Stored data
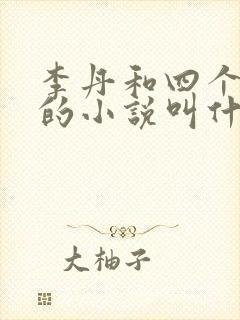 李丹和四个女儿的小说叫什么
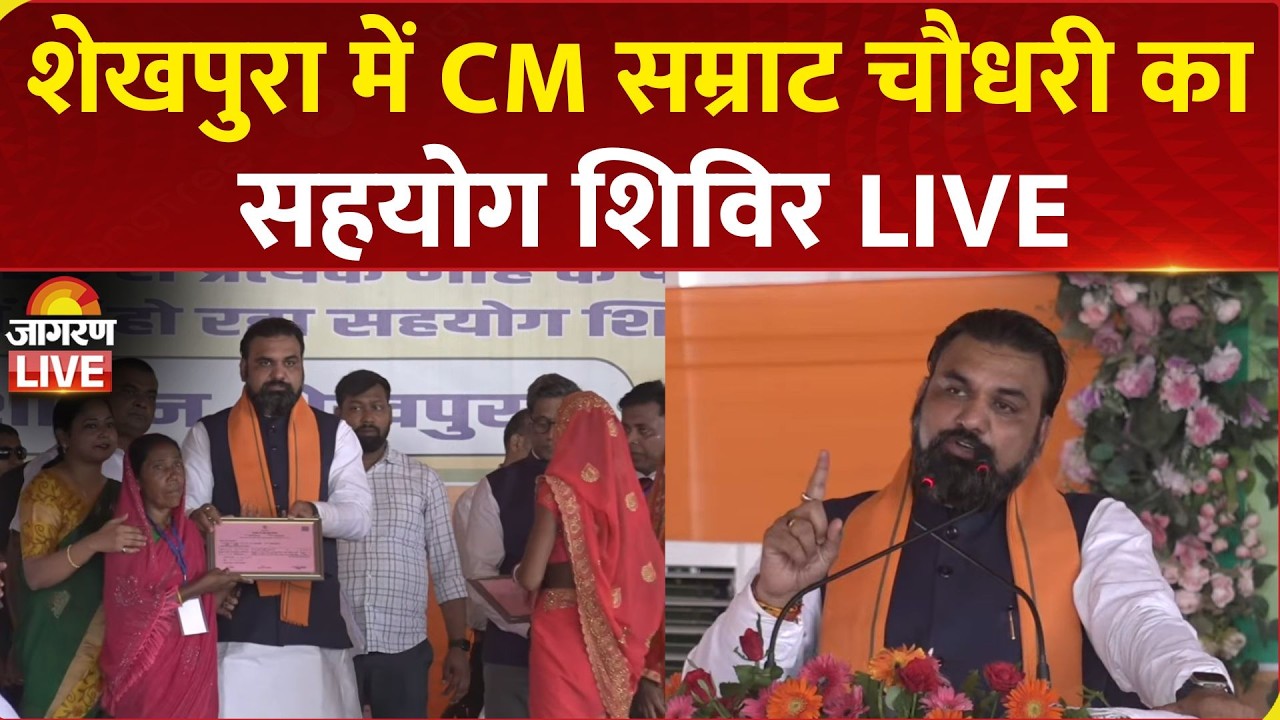 LIVE: CM Samrat Choudhary inspects &ldquo;Sahyog Shivir&rdquo; stalls in Shekhpura, Bihar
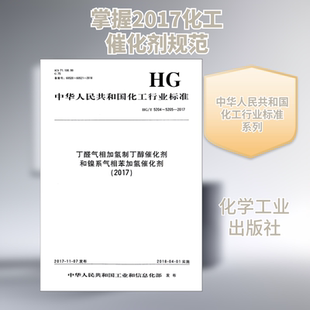 丁醛气相加氢制丁醇催化剂和镍系气相苯加氢催化剂(2017) HG/T 5204~5205-2017 编者:化学工业出版社 著 建筑/水利（新）专业科技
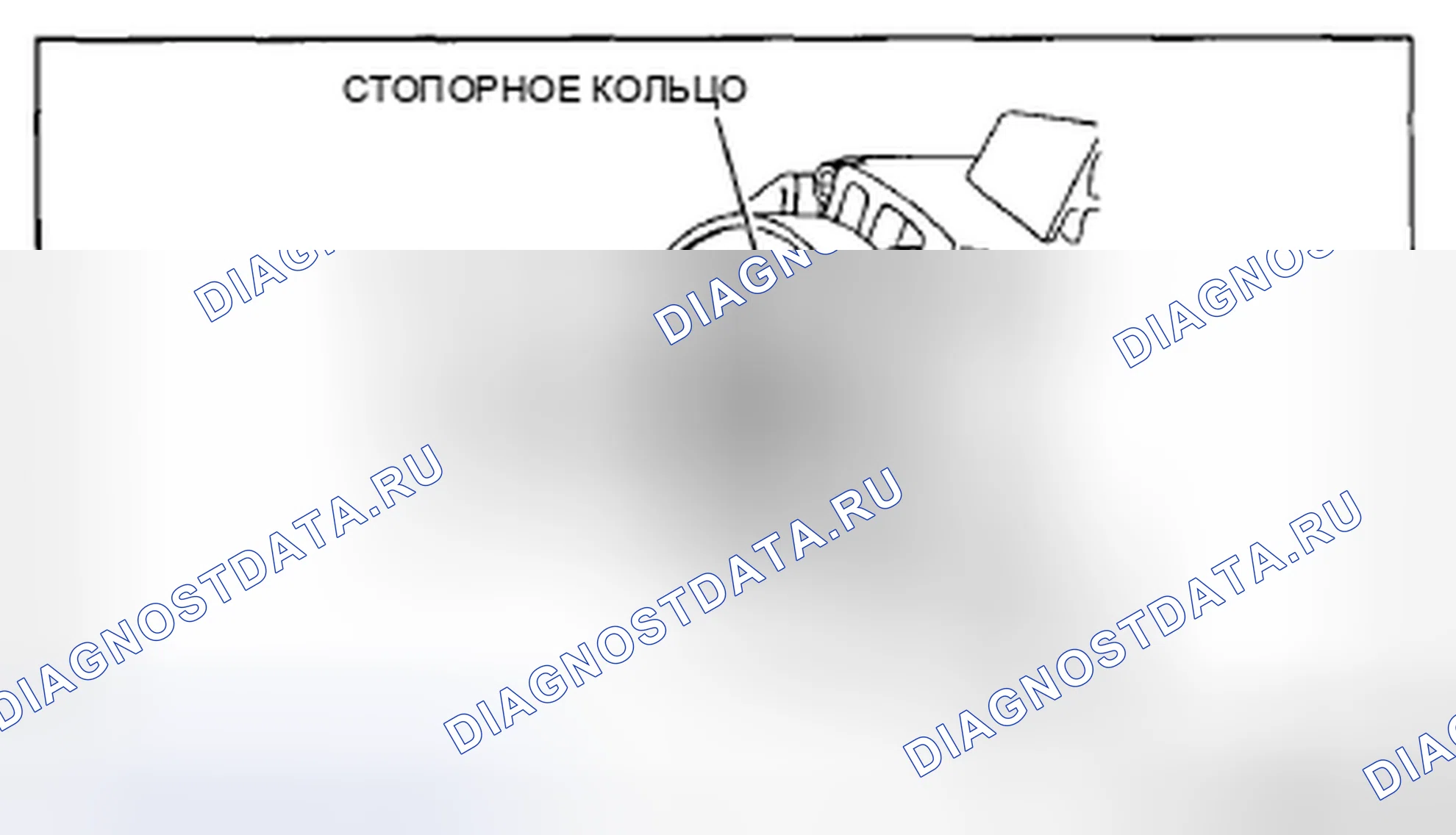 Рис. 42: Примечание по снятию / установке стопорного кольца. Mazda CX-5 I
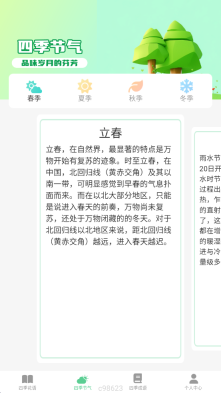 妙看四季图1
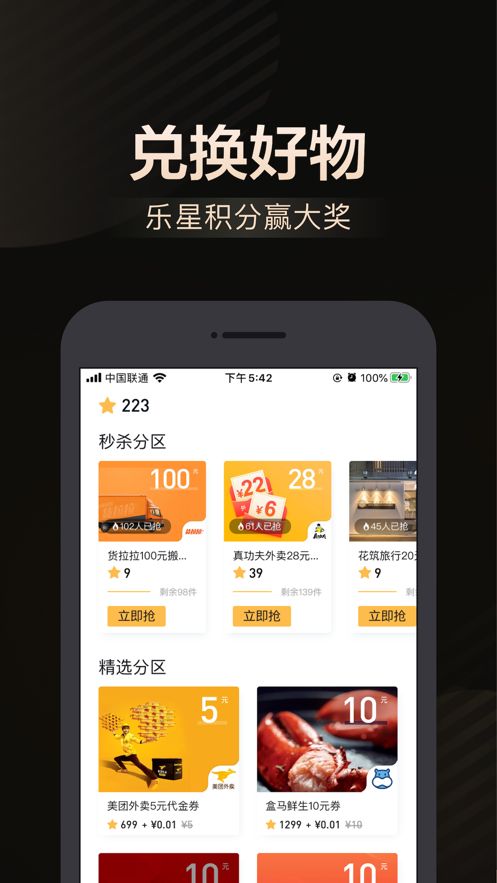 乐卡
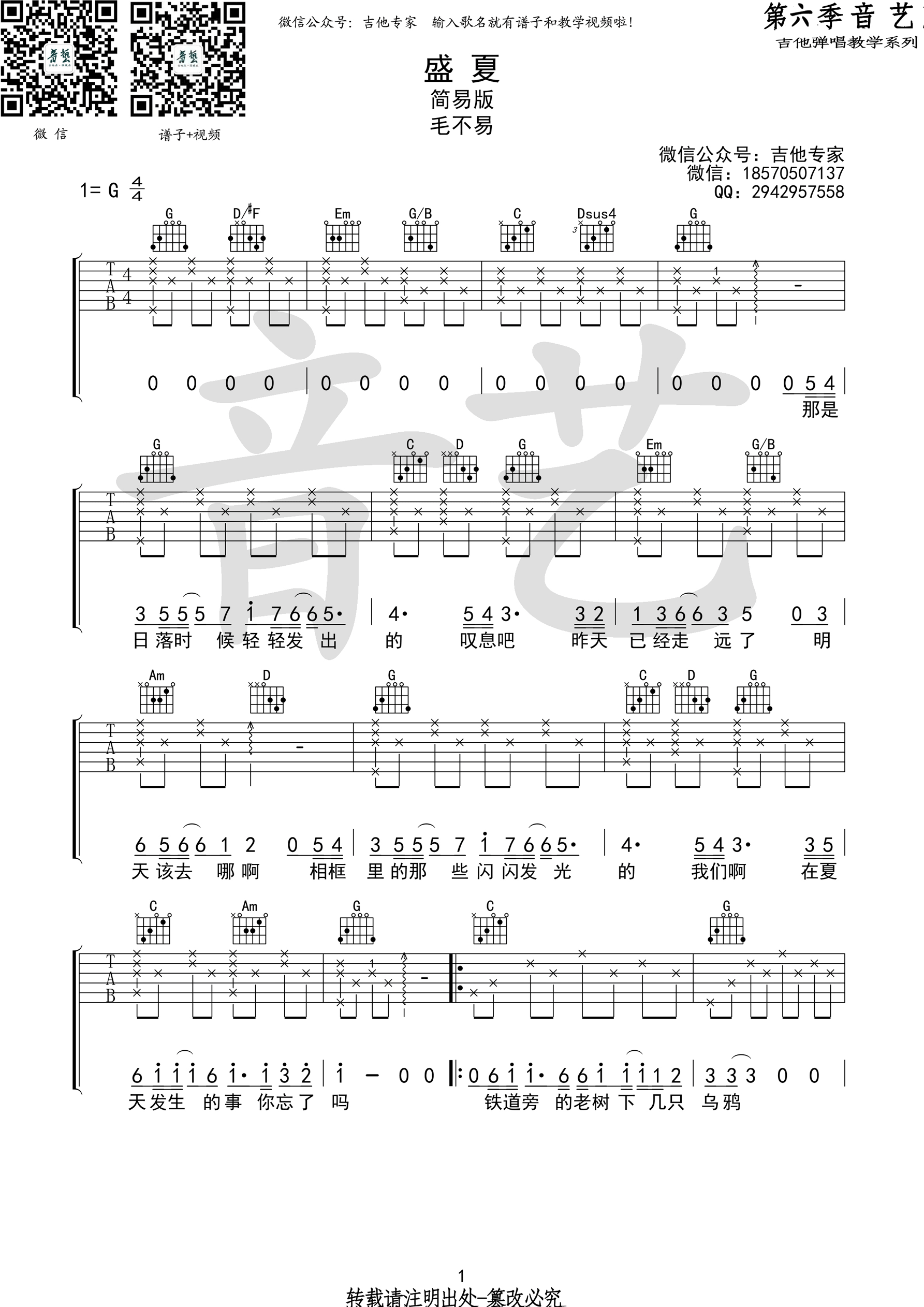 盛夏吉他谱第(1)页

__Your objective__:
All the lines above should be reproduced exactly, and none of the pictures.

__Solved exercise__:
 李丹和四个女儿的小说叫什么
 LIVE: CM Samrat Choudhary inspects &ldquo;Sahyog Shivir&rdquo; stalls in Shekhpura, Bihar
 丁醛气相加氢制丁醇催化剂和镍系气相苯加氢催化剂(2017) HG/T 5204~5205-2017 编者:化学工业出版社 著 建筑/水利（新）专业科技
 Рис. 42: Примечание по снятию / установке стопорного кольца. Mazda CX-5 I
 妙看四季图1
 乐卡
 盛夏吉他谱第(1)页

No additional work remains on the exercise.